Collected data:

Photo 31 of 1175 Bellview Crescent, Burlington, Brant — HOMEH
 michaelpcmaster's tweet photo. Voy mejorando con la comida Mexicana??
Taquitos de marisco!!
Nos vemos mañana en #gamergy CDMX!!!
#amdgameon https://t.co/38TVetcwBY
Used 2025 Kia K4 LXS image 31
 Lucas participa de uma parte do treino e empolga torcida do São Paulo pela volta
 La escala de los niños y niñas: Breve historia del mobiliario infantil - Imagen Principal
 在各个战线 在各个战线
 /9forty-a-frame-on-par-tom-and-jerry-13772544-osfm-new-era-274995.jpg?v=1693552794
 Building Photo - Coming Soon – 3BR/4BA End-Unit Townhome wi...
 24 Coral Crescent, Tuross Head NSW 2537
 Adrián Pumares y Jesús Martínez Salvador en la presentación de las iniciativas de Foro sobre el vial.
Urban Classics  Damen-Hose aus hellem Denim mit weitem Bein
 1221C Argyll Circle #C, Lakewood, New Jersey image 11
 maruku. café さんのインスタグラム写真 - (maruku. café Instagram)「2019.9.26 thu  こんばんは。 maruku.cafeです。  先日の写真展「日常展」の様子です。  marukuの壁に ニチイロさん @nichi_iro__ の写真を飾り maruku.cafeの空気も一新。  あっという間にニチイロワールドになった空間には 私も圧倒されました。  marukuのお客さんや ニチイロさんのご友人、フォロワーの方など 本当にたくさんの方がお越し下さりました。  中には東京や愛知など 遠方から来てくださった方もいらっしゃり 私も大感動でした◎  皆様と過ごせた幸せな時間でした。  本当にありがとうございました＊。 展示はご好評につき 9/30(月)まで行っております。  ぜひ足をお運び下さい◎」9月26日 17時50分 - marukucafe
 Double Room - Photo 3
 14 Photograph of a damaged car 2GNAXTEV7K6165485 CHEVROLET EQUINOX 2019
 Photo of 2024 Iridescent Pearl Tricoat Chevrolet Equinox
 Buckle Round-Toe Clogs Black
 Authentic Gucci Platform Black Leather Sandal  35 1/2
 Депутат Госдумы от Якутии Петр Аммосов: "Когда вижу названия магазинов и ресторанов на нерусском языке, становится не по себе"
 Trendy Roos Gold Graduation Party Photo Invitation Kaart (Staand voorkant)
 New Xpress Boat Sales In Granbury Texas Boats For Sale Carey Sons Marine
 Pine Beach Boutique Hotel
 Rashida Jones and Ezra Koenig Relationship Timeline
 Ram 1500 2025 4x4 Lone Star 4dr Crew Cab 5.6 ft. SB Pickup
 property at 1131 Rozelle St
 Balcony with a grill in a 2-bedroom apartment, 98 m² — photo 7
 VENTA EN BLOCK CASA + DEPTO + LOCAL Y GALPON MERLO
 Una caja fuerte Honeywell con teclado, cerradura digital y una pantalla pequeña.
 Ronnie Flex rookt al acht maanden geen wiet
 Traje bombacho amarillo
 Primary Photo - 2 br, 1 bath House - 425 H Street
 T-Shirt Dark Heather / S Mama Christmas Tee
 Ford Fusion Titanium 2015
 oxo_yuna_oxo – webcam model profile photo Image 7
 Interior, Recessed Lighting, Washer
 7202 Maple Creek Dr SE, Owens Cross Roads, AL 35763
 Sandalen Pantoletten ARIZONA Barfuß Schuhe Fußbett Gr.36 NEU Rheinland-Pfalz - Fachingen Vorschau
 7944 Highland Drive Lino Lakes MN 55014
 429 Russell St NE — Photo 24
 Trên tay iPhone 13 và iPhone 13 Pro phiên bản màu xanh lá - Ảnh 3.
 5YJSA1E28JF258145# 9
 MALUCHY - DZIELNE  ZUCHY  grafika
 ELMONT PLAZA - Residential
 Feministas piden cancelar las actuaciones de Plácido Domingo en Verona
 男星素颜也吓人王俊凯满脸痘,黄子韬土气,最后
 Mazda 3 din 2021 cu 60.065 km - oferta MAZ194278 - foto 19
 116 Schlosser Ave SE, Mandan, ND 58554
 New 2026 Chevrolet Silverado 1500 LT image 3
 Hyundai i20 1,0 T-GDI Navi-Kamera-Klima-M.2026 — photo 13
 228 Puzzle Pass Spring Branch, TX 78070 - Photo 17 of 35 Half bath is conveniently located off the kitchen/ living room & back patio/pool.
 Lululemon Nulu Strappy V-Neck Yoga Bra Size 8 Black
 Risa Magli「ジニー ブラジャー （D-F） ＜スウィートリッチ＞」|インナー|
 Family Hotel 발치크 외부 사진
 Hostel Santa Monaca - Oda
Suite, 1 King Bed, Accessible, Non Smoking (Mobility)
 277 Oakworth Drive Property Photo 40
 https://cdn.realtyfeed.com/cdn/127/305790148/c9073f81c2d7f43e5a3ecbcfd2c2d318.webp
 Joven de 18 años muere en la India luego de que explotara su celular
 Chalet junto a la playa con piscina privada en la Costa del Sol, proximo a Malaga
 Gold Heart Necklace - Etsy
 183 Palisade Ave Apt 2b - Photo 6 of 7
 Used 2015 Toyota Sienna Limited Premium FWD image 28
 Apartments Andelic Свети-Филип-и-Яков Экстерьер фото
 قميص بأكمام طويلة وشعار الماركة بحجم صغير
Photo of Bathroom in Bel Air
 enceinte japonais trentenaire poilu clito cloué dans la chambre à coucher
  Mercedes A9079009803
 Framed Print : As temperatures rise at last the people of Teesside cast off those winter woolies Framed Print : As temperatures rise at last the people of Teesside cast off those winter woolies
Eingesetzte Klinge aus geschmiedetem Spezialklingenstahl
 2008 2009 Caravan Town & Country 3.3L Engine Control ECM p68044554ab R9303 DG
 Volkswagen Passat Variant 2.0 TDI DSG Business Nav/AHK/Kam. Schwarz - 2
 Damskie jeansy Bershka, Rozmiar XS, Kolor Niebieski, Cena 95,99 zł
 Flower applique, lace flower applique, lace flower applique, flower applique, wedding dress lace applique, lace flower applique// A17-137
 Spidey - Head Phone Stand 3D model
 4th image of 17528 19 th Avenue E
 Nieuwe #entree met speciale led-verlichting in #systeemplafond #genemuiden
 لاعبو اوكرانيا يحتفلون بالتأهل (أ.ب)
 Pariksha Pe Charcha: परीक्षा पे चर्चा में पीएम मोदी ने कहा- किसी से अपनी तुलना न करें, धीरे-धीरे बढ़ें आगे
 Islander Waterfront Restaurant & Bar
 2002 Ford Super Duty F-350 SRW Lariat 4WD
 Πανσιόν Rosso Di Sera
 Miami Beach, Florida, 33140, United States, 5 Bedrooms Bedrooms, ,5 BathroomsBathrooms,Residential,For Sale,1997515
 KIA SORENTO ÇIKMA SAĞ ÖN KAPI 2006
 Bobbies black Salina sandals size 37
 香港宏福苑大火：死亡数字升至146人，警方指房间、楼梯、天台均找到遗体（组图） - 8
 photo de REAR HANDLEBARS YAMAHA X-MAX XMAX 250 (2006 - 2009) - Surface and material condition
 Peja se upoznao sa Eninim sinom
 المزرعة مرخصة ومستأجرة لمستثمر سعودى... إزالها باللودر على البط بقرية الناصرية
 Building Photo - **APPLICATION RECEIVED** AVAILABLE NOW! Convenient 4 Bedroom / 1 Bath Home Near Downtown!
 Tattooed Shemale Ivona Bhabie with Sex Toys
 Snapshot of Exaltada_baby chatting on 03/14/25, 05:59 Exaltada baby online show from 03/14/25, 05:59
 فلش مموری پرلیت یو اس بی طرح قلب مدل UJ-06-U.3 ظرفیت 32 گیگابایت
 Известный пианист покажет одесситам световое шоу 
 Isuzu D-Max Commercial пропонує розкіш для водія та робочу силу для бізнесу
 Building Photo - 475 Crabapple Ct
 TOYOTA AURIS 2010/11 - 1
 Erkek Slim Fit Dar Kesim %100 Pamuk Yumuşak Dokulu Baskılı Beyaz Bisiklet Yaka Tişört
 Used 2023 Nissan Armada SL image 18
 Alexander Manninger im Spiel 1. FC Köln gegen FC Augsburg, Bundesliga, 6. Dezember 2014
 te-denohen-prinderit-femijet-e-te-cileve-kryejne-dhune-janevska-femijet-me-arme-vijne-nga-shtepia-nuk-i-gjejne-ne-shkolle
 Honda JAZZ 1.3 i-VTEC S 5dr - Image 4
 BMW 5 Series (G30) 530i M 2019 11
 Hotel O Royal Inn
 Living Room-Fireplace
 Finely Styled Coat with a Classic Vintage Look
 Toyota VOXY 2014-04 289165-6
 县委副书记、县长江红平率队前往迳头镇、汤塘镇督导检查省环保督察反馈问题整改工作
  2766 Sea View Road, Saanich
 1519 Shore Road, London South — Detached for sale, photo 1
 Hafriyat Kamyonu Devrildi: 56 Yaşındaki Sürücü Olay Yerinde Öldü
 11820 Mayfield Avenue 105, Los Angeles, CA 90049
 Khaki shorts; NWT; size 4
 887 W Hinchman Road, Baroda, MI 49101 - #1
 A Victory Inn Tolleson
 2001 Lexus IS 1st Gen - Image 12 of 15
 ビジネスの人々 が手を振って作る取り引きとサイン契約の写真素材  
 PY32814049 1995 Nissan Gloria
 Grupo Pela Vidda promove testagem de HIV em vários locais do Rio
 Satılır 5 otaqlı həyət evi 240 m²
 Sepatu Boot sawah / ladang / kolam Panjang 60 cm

### What this task involves:
Please restate only the opening stretch of the records above: every line from the first through the one containing "Lucas participa de", exactly as written.

### Response to this task:
Photo 31 of 1175 Bellview Crescent, Burlington, Brant — HOMEH
 michaelpcmaster's tweet photo. Voy mejorando con la comida Mexicana??
Taquitos de marisco!!
Nos vemos mañana en #gamergy CDMX!!!
#amdgameon https://t.co/38TVetcwBY
Used 2025 Kia K4 LXS image 31
 Lucas participa de uma parte do treino e empolga torcida do São Paulo pela volta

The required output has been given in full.